Gulf Center for human rights: Authorities must release human rights defender Osama-Al-Najjar who remains in arbitrary detention despite serving his sentence
Human rights defender and on-line activist Osama Al-Najjar remains in prison in the United Arab Emirates (UAE), even though he was scheduled for release on 17 March 2017 after serving his full three-year prison sentence. He has been jailed solely for the peaceful exercise of his rights to freedom of expression, including through his advocacy behalf of his unjustly imprisoned father.
In January 2017, Al-Najjar was transferred from Al-Wathba Prison to Al-Razeen Prison, a maximum-security jail in the middle of the Abu Dhabi desert where dozens of activists are held. He remains in arbitrary detention.
Despite having completed his prison sentence, the State Security Chamber of the Federal Supreme Court has decided to extend his detention at the request of the Public Prosecution on the pretext that he is a “threat” and must be imprisoned in the Counselling Center, an area within the prison. The authorities have failed to specify the term of this arbitrary and unlawful detention, which constitutes a flagrant breach of Al-Najjar’s human rights.

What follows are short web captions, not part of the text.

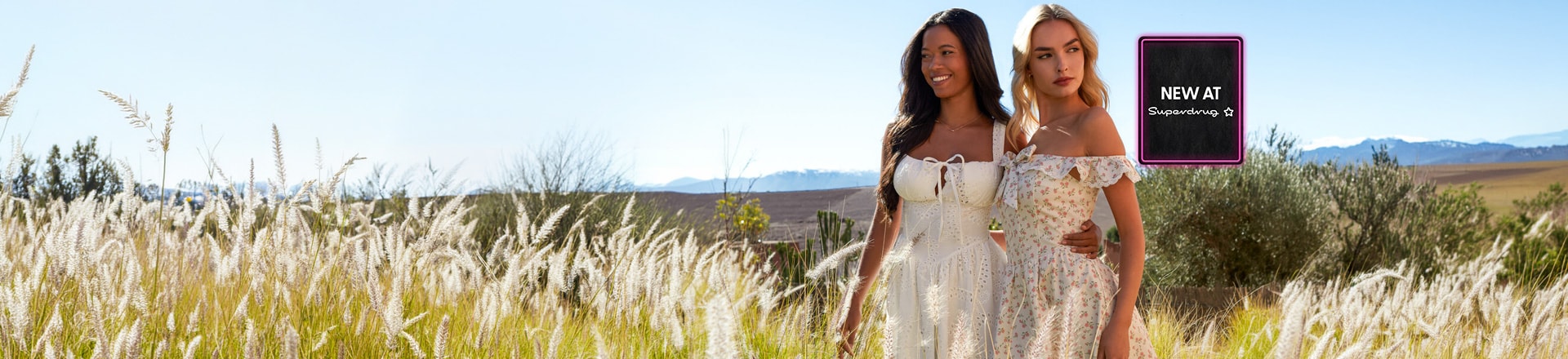 e0326_GS_MP_fashion_pink-vanilla.jpg e0326_GS_MP_fashion_pink-vanilla.jpg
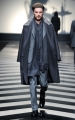 roberto-cavalli-menswear-aw1213_05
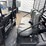 kubota-rtv1140-image-8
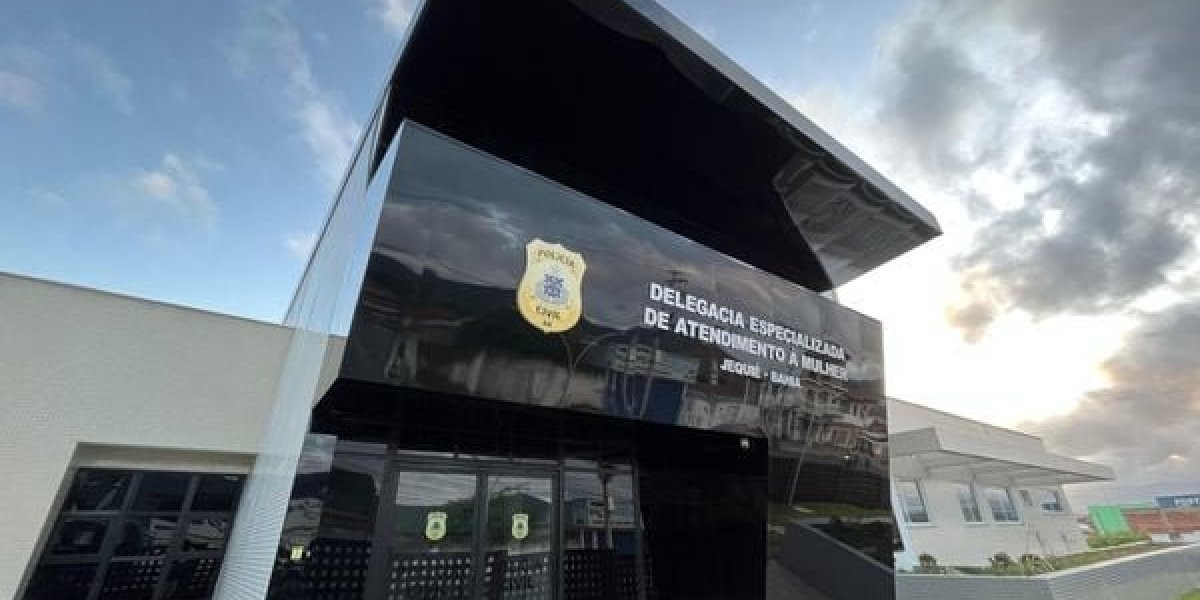 Homem é preso por comercializar material pornográfico infantil em Jequié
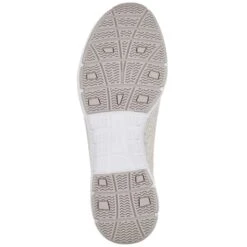 SKECHERS Women's Seager - Stat Casual Slip-On Shoes -All Shoe Shop 2043359 107 alt5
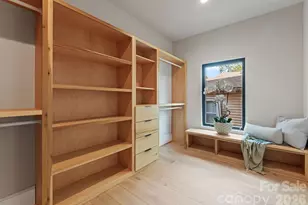 1821 Umstead St, Charlotte, NC 28205 - Photo 14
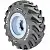 Грузовые шины Michelin Power CL 340/80 R20 144A8
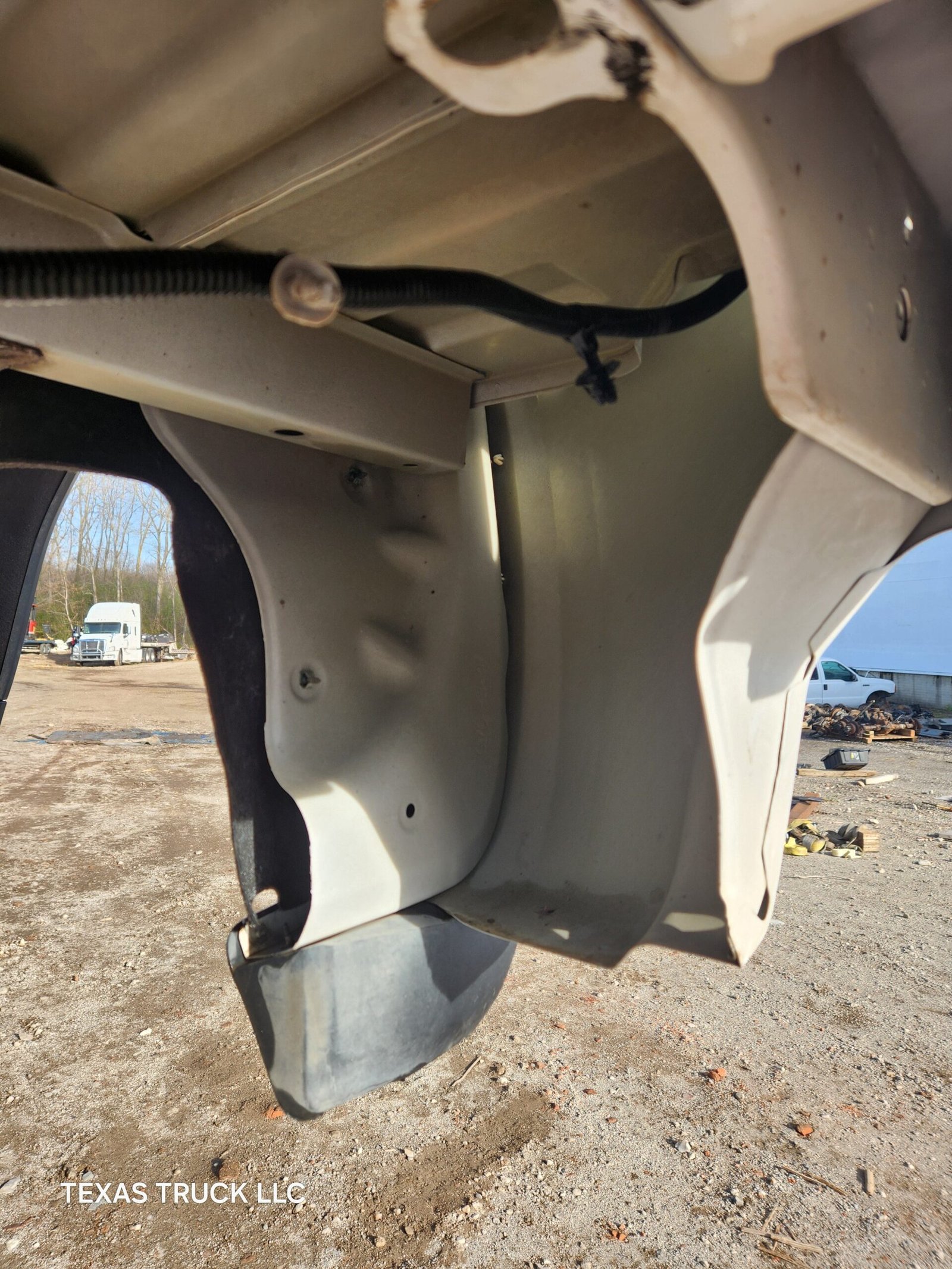 2019-2023 GMC Sierra 1500 5' 9" Short Truck Bed - Image 59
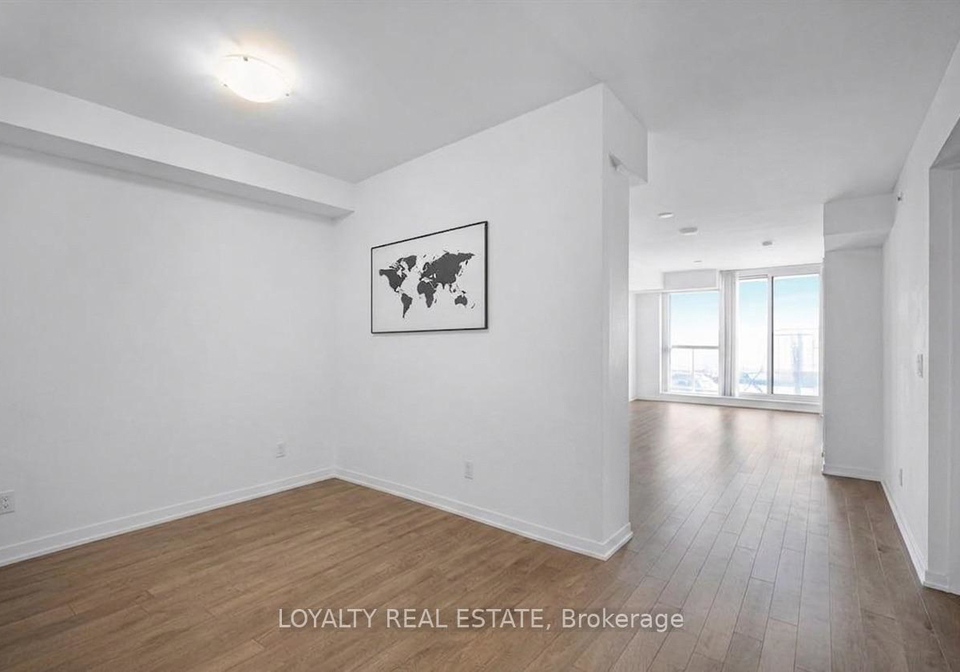 3091-dufferin-street-toronto-north-york-ontario-w13724412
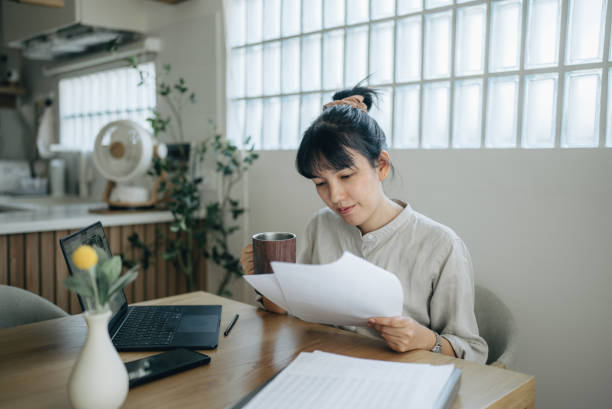 Reliable Shafer, MN Loan Agency Solutions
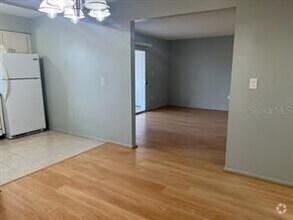Building Photo - 3535 41st Terrace S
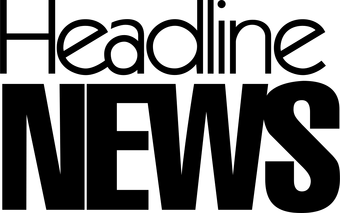 Hln Logopedia Fandom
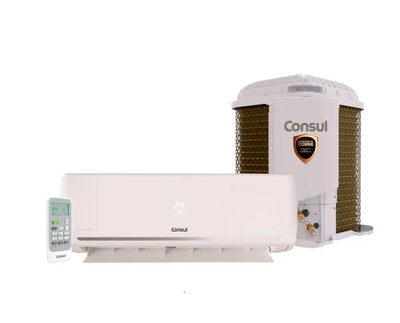 ar-condicionado-split-consul-dual-inverter-12000-btuh-frio-monofasico-branco-cbk12ebcbl12eb-220v-31j5 - Imagem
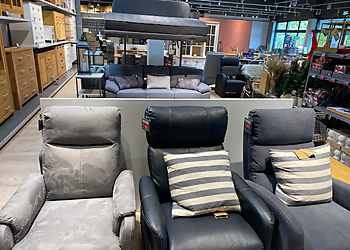 JYSK Herne image JYSK Herne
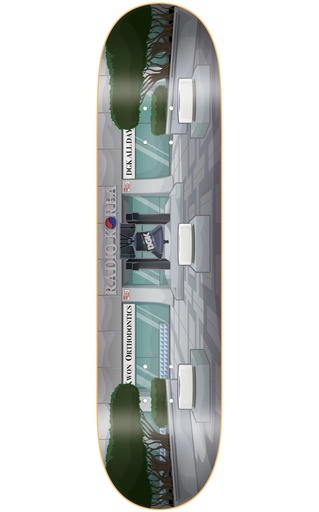 [HDG-1192-8.25] JKWON DAYS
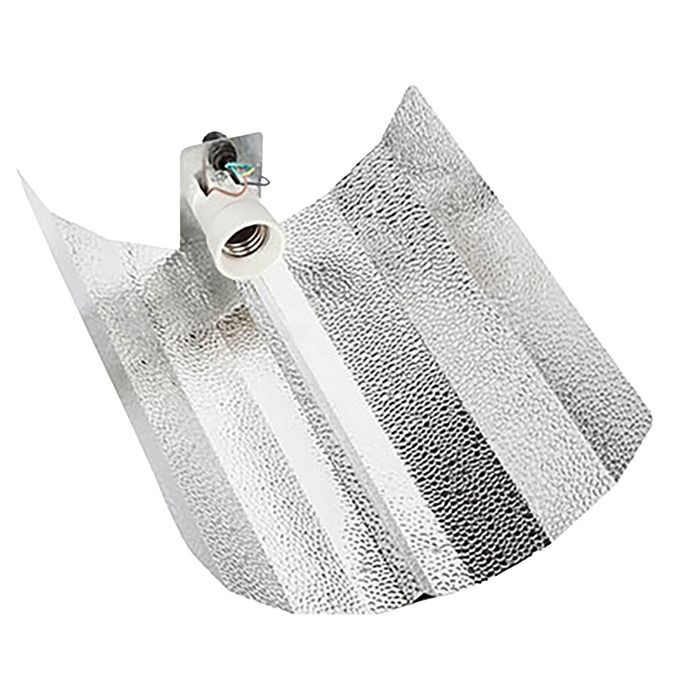 Platinum Digital Lighting Set Max 660W 3 reflector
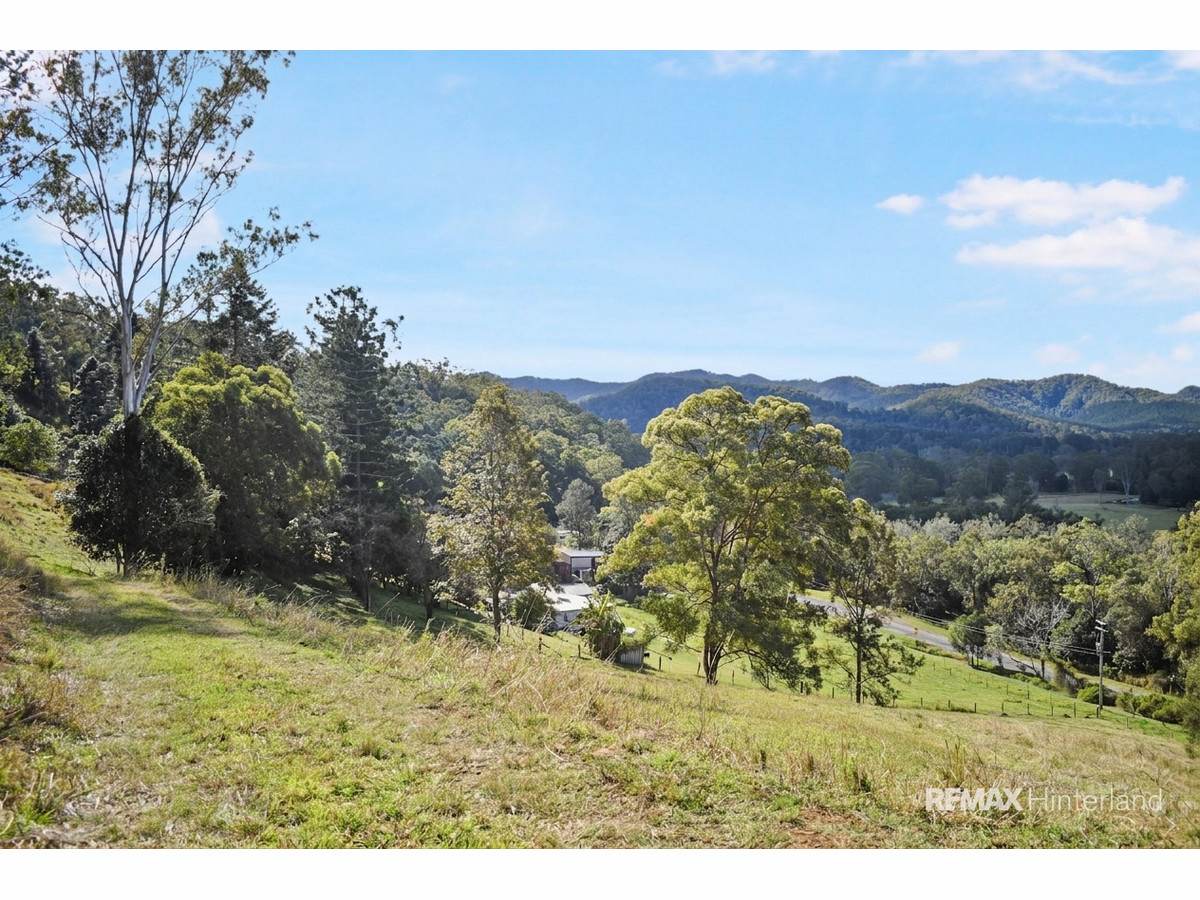 3015 Maleny Kenilworth Road, Cambroon For Sale by Farmbuy.com - image 33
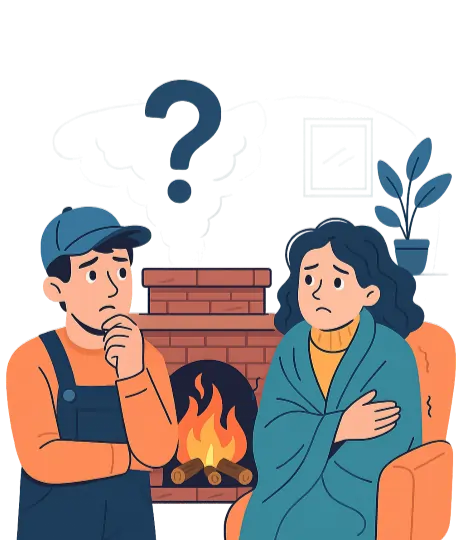 The Questions Other Homeowners Have Already Asked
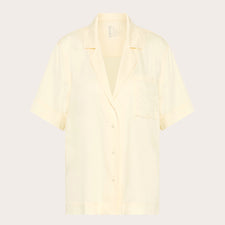 Product - Flat lay image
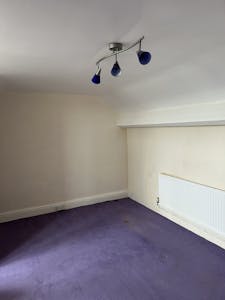 66 Station Road, Burry Port, Retail For Sale - IMG_0554.JPEG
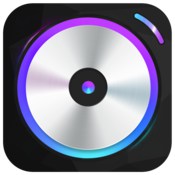 Voilabits MediaConverterUltimate 4.2.0 Voilabits MediaConverter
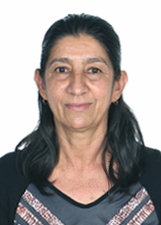 Foto de MARIA DAS GRAÇAS MENDES PESSOA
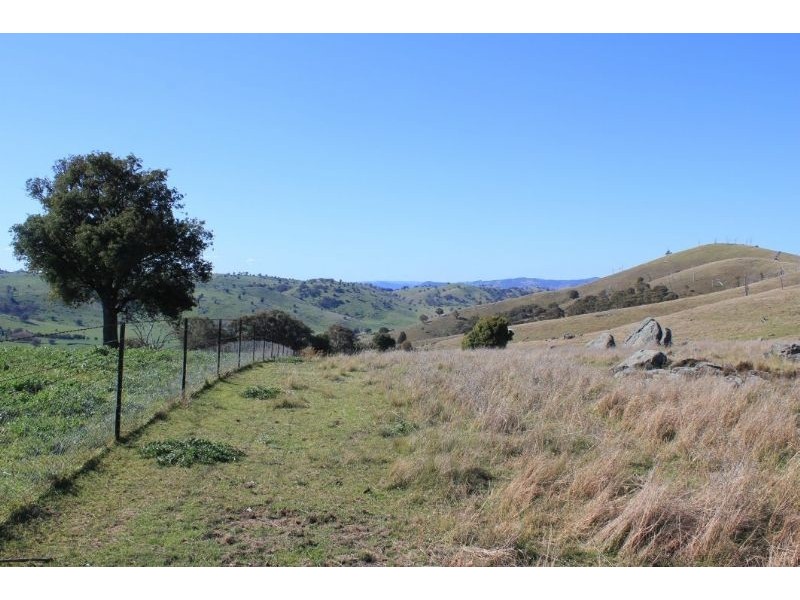 Taylors Flat NSW 2586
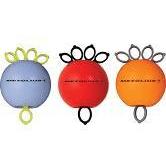 METOLIUS Gripsaver Plus- 3 pack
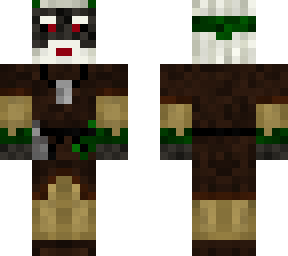dark jeb_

By keeping Osama Al-Najjar in prison after the completion of his sentence, the UAE authorities are following a dangerous precedent set in 2014 when they continued to arbitrarily detain blogger Obaid Yousef Al-Zaabi, even though he was acquitted of speech-related charges in June 2014. Al-Zaabi remains in detention, even though the authorities have no legal basis for depriving him of his liberty.
The UAE authorities are acting contrary to international law, as well as the UAE’s own laws, by keeping individuals who have served their sentences in prison beyond their release dates. It appears that the authorities are using the pretext of national security by labelling human rights defenders and Internet activists as a "threat" to the state in order keep them imprisoned.
Osama Al-Najjar was arrested on 17 March 2014 by ten state security officers during a raid on his home. He was kept in solitary confinement at an undisclosed location for four days without access to his family or lawyer. He has said that, during this time, he was tortured and otherwise ill-treated: he was punched in the face and hit with a cable on his body until a wound on his leg, caused by surgery he had received the day before his arrest, began bleeding.
He was brought before the State Security Chamber of the Federal Supreme Court in Abu Dhabi on 23 September 2014 and charged with offences including “offending and instigating hatred against the State”, and “spreading lies” about his father, Hossain Al-Najjar, who was one of the UAE94 human rights activists put on mass trial in 2013, and who is currently serving an 11-year prison sentence. The charges related to postings Osama Al-Najjar had made on Twitter where he expressed concern at the ill-treatment of his father in prison and called for him to be released.
On 25 November 2014, following a grossly unfair trial, Osama Al-Najjar was sentenced to three years in prison and a fine of 500,000 Emirati Dirham (approx. USD$136,100). He was denied the right to appeal the verdict. Under Article 44 of Federal Law No. 43, Concerning the Regulation of Punitive Facilities, he was entitled to be released in August 2016, having served three quarters of his sentence, but only if his family paid the fine of 500,000 Dirham, which they were unable to do.
The Gulf Centre for Human Rights (GCHR) believes that the arrest and ongoing detention of Osama Al-Najjar is solely related to the peaceful exercise of his right to freedom of expression. GCHR calls on authorities in the UAE to immediately and unconditionally release him and all those detained as a result of carrying out their peaceful human rights activities.